What you should do: Each line of the data must reappear exactly in your answer, with no images included.

Supplied information:
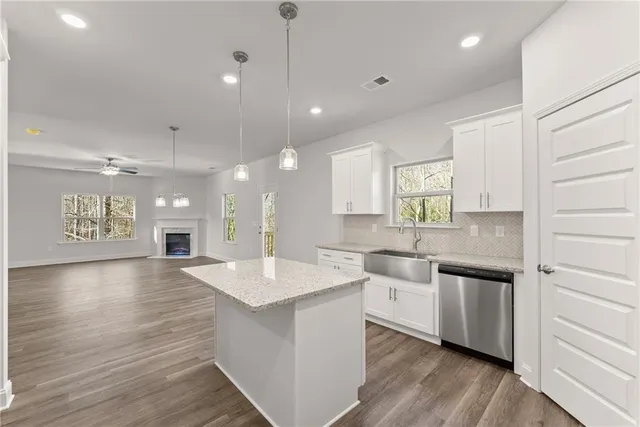 a large kitchen with stainless steel appliances lots of counter space and wooden floor
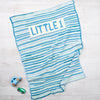 Blue and white striped baby blanket with 'LITTLE 1' text on a light wooden surface.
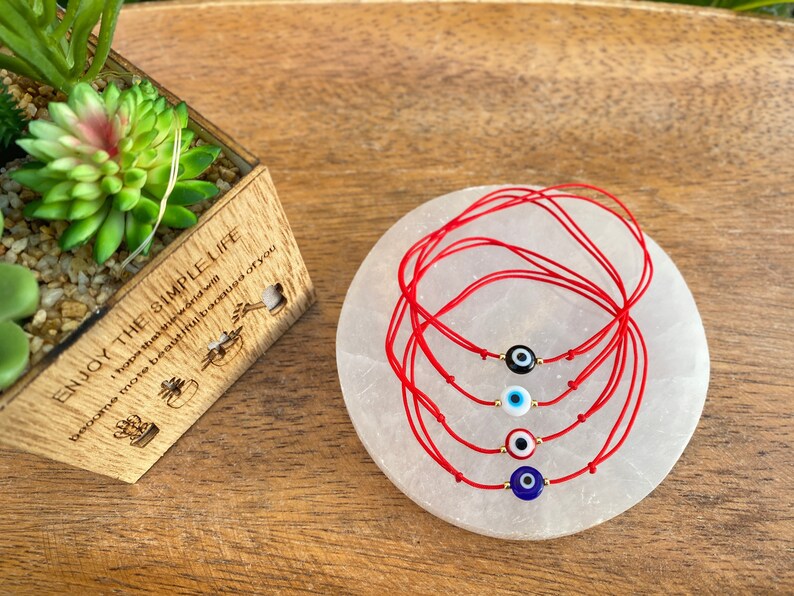 May include: Five red string bracelets with different colored evil eye charms. The charms are blue, white, black, and red. The bracelets are on a white circular surface.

Result:
 a large kitchen with stainless steel appliances lots of counter space and wooden floor
 Blue and white striped baby blanket with 'LITTLE 1' text on a light wooden surface.
 May include: Five red string bracelets with different colored evil eye charms. The charms are blue, white, black, and red. The bracelets are on a white circular surface.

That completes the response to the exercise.